THEATER REVIEW: Backwards in High Heels’ a powerful visual spectacle

Musical worthy of Giancarlo’s enduring legacy

By LEE JUILLERAT H&N Regional Editor

Oct 2, 2014

It’s a show Jim Giancarlo would have loved.

“Backwards in High Heels: The Ginger Rogers Musical,” is the Oregon Cabaret Theatre’s first play since the death of Giancarlo, one of the Cabaret’s founders who died in August. While it’s not a tribute, the “Backwards” is enlivened with the high-energy dancing and intricate staging techniques that were signatures of Giancarlo, who directed and produced more than 100 Cabaret musicals since the Ashland theater opened in 1986.

“Backwards” tells the life of Rogers through song and dance, with Kelsay Slater as the dancer and movie star who eventually settled in Medford.

While the show features flashy choreography, classic George Gershwin and Irving Berlin hit songs and often dazzling acting, “Backwards” isn’t just an entertainment. Written by Lynette Barkley and Christopher McGovern, the play probes into Rogers’ often difficult times, from her over-protective mother to a series of failed marriages to sometimes testy times with her managers and long-time dance partner, Fred Astaire.

“Backwards” moves forward from Rogers’ as a headstrong 15-year-old growing up in Texas. She wins a Charleston contest that allows her to go on tour, a cross-country swing that, although not mentioned in the play, included a performance that, as the Cabaret staff are proud to point out, at the then new Medford theater, The Craterian.

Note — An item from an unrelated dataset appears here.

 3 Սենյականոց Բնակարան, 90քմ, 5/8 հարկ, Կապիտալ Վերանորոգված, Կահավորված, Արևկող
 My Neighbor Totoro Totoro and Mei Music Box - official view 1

Her life story bounds forward, enhanced by liberal use of film clips of Rogers at different stages of her career. Some of the scenes, crafted by projection engineer Mitch Weisbrod, are especially impacting, including several of Rogers dancing with Astaire, performing moves that Slater and John Ramsey, who appears as Astaire, strive to duplicate. The play’s title stems from Rogers’ comments about the challenge of having to dance backwards in high heels during her many 1930s films with Astaire.

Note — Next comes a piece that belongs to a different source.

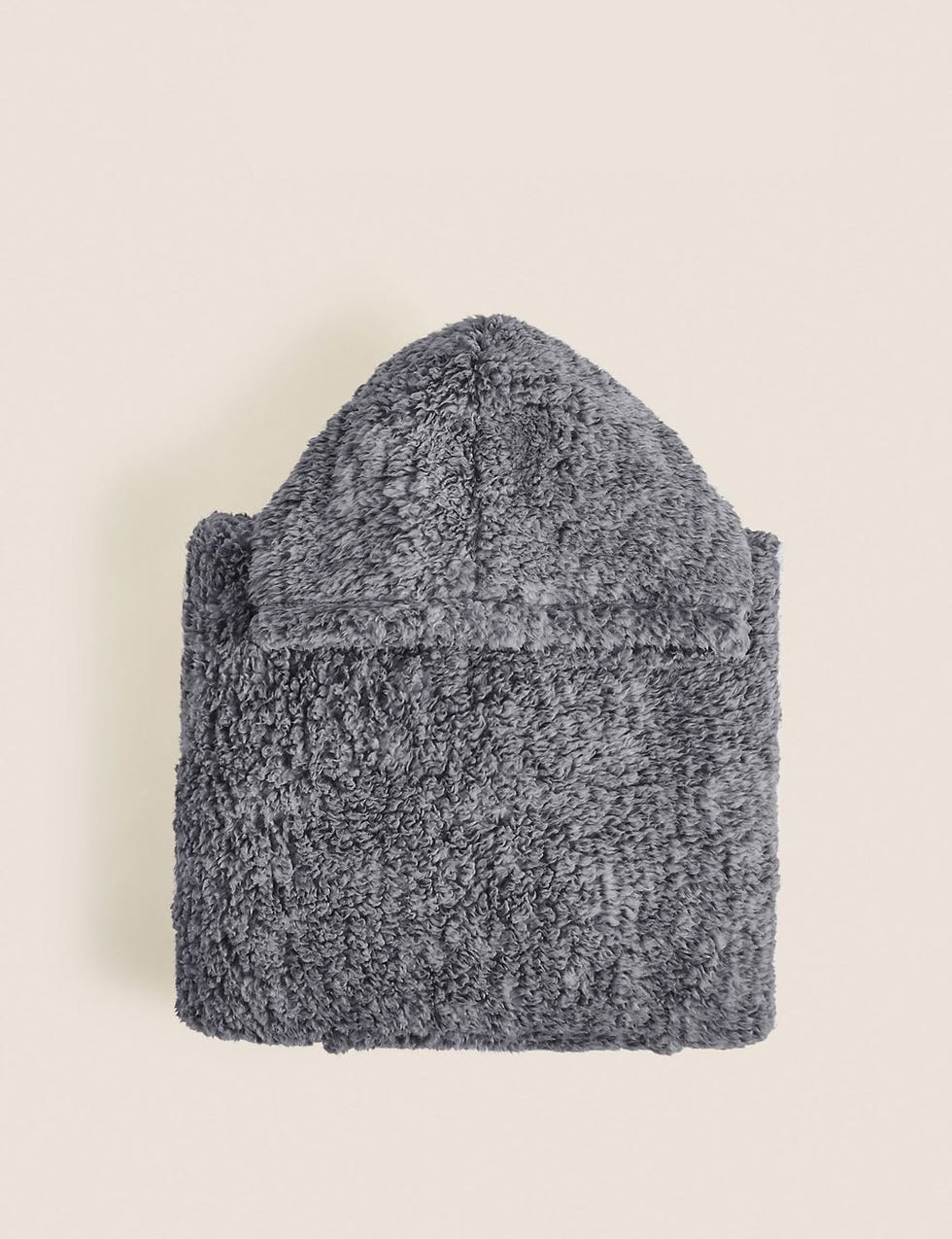 14 blankets with sleeves to keep you warm this winter 2023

Slater, dances and sings, and also comes convincingly across as the self-driven Rogers. The strong supporting cast, which include Ramsey, Christie Dabreau, Robert Arthur Altman, Renee Hewitt and Tim Fuchs, does it all, variously doing everything from wacky dances to beautiful waltzes while also singing an array of hit songs and displaying nuanced acting skills.

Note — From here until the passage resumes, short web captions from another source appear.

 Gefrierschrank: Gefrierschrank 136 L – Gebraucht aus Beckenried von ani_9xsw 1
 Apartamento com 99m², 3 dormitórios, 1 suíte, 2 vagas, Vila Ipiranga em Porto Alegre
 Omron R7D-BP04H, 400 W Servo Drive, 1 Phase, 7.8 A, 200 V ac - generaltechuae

The classic songs associated with Rogers are part of the fare — “Fascinating Rhythm,” “A Fine Romance,” “They All Laughed,” “I Got Rhythm,” “Let’s Face the Music and Dance” and “Embraceable You” — along with some written by McGovern for the show, including the delightful “Tame Those Feet,” “The Domesticity” and “The Art of Sport.” “Changed Partners” is masterfully inserted as the story of Rogers’ five divorces is disclosed.

“Backwards” is often brightened with cameos of famous performers, with the best featuring a stuck-on-herself Ethel Merman.

The acting, dancing, singing, along with the creative videos and imaginative staging, powerful script and Patterson’s creative directing, combine to make “Backwards In High Heels” a visual spectacle, one worthy of Giancarlo’s enduring legacy.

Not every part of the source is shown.